Pendant cette temporalité particulièrement singulière que nous avons vécu collectivement, Gregory Forstner s’est surpris à renouveler son vocabulaire
Écartant pour la première fois la figure jusqu’ici présente depuis le début de sa carrière et de ses études à la Villa Arson. L’artiste se concentre sur le motif du bouquet déjà présenté en 2019 dans ‘Flowers for the Bold’. Il produit depuis un an, un ensemble de nature morte ou plutôt ‘still lifes’ qui seraient autant de vanités possibles, de considération sur cette temporalité collective.
- © Gregory Forstner, Flowers for the Bold (15), 2020, Photo Pierre Schwartz
‘Lollipop’, au-delà de son évocation la plus immédiate, est une expérience scientifique menée par Melvin Calvin et Andy Benson visant à éclairer une culture d’algues vertes par de la lumière blanche. En faisant cela, le groupe de Calvin montre que la lumière du soleil agit sur la chlorophylle dans une plante pour alimenter la construction des composés organiques.
De même que dans l’expérience scientifique, il y a dans ce travail de peinture et de dessin comme la tentative de recourir à des gestes élémentaires, primitifs, l’expérience d’une régénération à partir de ‘presque rien’ et dont seul la nécessité de vie, de désir et de plaisir serait le véhicule. Le recours à ce motif élémentaire permettant à Gregory Forstner d’activer cette charge émotionnelle retenue jusqu’ici dans le réel. Ici, les notions de surface, de verticalité et d’horizontalité, d’ergonomie, de gravité, de corps et de centralité – de physicalité -, se retrouvent autant dans le récit que fait l’artiste de son expérience de la nage en eau libre, que de son expérience de la peinture.

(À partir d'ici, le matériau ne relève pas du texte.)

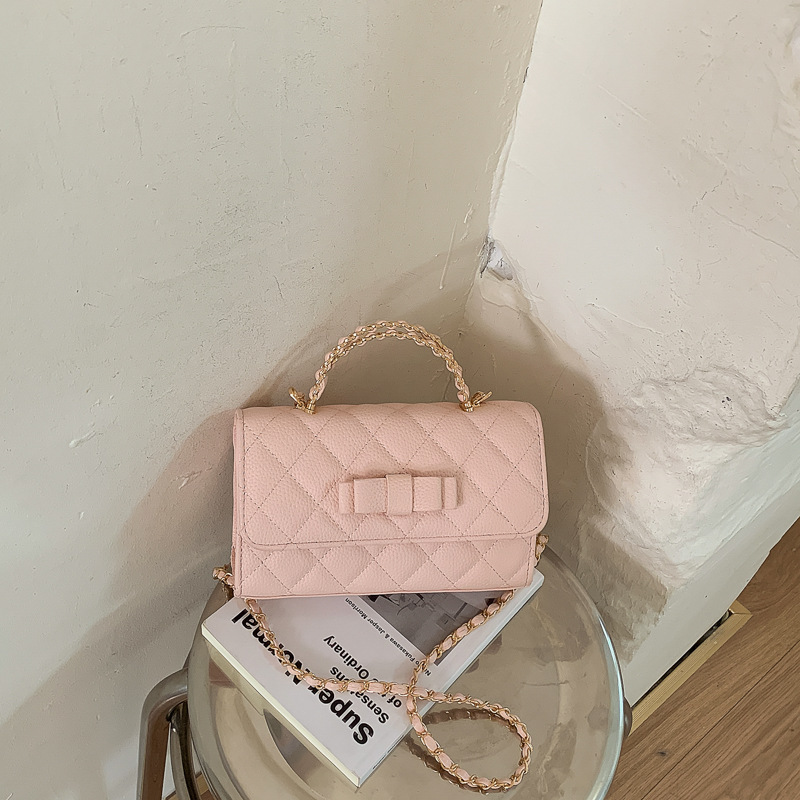 Bolso de mano de alta calidad para mujeres 2026 nuevo nicho de lujo ligero arco bolso cuadrado de textura cadena mochila de hombro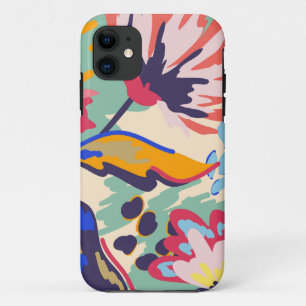 Forest and roses iPhone 11 case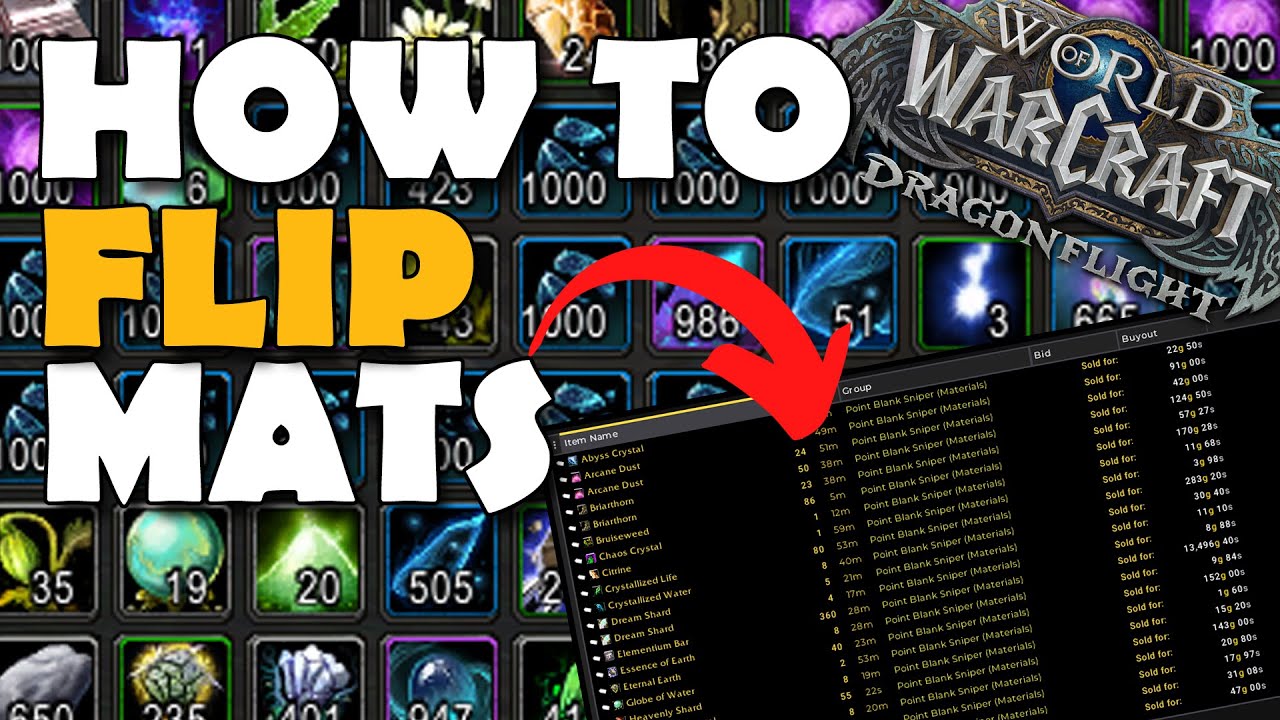 Make Millions Flipping Materials in World of Warcraft (Flipping Guide)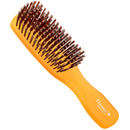 Giorgio GION2O Neon Orange 6.25 inch Gentle Touch Detangler Hair Brush for Men and Women. Soft Bristles for Sensitive Scalp. Wet and Dry for all Hair Types. Scalp Massager Brush Stimulate Hair Growth GIORGIO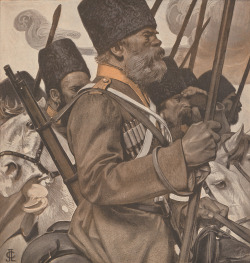 An illustration of cossacks from the cover of Collier’s Weekly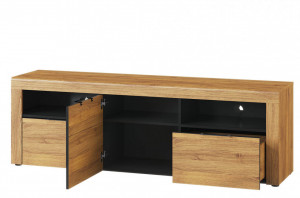 Stand tv Kama 25 (tv stand) oak camargue/black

« Comme la peinture et la mer qui peuvent être mauvaises mais ne déçoivent
pas. Ses yeux sont mes chiens. Ma propriété. Je les crains comme la vague
qui se lève dans la nuit, sans bruit. L’expérience dit qu’il faut plonger sous
l’écume. Il faut toujours redouter une chose pour bien la prendre. Le ventre
de l’océan dans les dents. Lorsque je nage, je ne sais si c’est l’eau ou l’air que je respire. (…) Au sommet de la langue, une sucette se dresse. L’ascenseur est fragile. » (1) Gregory Forstner
Gregory Forstner
Vit et travaille à Montpellier
Il est représenté par la Galerie Zink, Waldkirchen (Allemagne), la galerie Eva Vautier (Nice), et la galerie Otto Zoo (Milan).
À quinze ans, il passe une année dans deux familles d’accueil à Key West en Floride, voyage qui l’a profondément marqué. À la suite de cette expérience, il interrompt ses études secondaires et part en Autriche sur les traces de ses origines paternelles. À Vienne, alors qu’il travaille comme modèle vivant pour plusieurs écoles d’art, il se fait remarquer par Christian Ludwig Attersee qui l’invite à travailler dans son atelier à l’Académie des Arts Appliqués (Hochschule für Angewandte Kunst).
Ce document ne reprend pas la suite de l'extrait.